Has there been as much controversy about the elephant art?

Well, humor saves it. But if you talk about religious subjects as if they're not religious with a religious person, you can offend someone.

Do you have faith?

I'm an artist, but an old artist. I've had different stages in my artistic career. I have been passionately in love with art, maybe in a religious way. Now I'm in my atheistic phase.

Do you believe the elephants are making a kind of automatistic art?
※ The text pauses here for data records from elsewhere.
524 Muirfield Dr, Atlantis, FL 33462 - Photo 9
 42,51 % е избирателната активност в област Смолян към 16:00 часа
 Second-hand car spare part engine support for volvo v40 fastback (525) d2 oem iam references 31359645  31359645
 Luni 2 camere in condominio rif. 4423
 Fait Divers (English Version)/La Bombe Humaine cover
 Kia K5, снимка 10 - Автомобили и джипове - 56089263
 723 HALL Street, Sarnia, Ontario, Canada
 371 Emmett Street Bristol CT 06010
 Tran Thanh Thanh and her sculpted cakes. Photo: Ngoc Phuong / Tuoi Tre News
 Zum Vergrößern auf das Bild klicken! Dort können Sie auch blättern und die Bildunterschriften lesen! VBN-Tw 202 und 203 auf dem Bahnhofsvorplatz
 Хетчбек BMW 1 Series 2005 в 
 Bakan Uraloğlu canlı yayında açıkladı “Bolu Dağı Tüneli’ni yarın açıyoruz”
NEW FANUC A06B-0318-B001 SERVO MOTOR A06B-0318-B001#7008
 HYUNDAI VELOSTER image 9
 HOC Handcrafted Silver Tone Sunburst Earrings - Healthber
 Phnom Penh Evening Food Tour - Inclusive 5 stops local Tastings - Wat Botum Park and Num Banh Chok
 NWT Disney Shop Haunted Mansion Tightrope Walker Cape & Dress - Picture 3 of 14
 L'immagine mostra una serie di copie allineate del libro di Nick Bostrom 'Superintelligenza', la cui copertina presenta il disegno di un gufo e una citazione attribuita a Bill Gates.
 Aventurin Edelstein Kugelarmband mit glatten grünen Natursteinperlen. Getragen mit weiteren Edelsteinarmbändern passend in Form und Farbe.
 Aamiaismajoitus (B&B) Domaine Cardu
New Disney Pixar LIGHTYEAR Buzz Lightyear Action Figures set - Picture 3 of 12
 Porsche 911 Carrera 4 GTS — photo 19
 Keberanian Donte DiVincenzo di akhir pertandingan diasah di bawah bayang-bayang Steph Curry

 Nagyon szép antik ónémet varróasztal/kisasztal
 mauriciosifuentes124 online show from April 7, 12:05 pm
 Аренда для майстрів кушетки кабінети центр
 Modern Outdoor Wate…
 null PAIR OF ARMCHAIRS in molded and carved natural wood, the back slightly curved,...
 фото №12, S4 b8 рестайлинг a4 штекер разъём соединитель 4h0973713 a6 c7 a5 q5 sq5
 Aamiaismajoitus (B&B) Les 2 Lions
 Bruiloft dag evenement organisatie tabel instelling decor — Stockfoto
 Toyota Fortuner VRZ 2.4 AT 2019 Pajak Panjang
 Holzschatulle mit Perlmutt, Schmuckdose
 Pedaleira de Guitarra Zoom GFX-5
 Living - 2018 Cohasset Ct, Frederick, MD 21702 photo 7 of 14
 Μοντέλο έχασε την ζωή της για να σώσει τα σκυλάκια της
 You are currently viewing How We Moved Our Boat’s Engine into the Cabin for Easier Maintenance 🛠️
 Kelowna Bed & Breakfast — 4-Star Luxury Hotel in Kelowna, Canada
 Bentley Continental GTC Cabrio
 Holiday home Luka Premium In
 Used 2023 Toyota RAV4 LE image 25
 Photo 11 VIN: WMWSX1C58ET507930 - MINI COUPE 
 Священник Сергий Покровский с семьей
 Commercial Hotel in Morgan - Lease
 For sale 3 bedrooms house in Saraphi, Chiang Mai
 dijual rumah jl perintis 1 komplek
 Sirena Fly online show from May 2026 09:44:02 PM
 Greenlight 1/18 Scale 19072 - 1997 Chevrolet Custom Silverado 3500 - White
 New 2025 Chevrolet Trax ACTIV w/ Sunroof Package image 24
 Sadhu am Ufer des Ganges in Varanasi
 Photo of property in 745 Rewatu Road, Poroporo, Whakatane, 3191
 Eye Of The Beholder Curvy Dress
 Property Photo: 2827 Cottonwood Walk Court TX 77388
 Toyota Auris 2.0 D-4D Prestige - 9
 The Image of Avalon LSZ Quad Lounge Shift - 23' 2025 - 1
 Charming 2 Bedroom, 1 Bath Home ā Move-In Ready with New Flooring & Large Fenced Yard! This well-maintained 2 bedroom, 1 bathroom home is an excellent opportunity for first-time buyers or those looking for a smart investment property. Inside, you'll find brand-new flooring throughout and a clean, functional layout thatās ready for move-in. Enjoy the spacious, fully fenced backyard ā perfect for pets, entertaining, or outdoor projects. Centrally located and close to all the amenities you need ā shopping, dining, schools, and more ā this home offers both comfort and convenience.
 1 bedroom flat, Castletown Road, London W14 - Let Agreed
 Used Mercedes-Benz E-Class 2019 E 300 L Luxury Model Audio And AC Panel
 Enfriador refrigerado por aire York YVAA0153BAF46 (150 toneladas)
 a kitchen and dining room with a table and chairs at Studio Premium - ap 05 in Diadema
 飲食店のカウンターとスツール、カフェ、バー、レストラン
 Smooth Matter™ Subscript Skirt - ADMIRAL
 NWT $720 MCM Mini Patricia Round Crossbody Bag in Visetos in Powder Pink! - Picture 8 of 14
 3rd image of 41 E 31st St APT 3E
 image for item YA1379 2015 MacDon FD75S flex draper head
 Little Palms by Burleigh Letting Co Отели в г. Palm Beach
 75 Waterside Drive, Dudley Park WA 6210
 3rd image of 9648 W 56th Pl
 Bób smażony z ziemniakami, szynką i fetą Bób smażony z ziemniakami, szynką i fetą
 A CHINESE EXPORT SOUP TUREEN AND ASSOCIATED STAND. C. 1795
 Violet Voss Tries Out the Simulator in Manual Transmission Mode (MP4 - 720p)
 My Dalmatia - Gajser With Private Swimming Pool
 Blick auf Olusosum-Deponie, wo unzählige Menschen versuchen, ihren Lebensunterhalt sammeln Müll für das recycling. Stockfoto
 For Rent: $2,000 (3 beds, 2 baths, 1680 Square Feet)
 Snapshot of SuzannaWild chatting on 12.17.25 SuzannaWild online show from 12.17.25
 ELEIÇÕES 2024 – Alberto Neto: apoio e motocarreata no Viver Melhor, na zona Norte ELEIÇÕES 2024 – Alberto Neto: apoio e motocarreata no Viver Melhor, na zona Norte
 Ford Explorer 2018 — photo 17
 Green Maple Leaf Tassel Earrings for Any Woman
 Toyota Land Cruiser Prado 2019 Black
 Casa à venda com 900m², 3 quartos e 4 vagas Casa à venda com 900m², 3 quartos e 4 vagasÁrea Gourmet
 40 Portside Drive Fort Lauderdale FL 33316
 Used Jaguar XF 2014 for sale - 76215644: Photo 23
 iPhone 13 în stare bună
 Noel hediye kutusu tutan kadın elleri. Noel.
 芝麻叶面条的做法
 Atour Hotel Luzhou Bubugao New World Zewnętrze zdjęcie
The whole idea of automatism was reductionism, to go down, go simpler, in our feelings. That's kind of the 20th century. Maybe this is going even simpler, going to a "lower" species. I don't know. When Jackson Pollock was painting, was he thinking about anything? If he had been blindfolded, would his art be better or not as good? These are very profound questions which unfortunately I'm not intellectually prepared to solve. But it touches on a nerve. When I was younger I was sure that I could resolve some of these things with my brainpower, but now I understand I can't understand anything anyway. The point of the artist is that we can show. I'm not sure that we can make any decisions. We can just show people and let them decide for themselves.


By Elizabeth Bukowski

Elizabeth Bukowski is assistant books editor of the Wall Street Journal.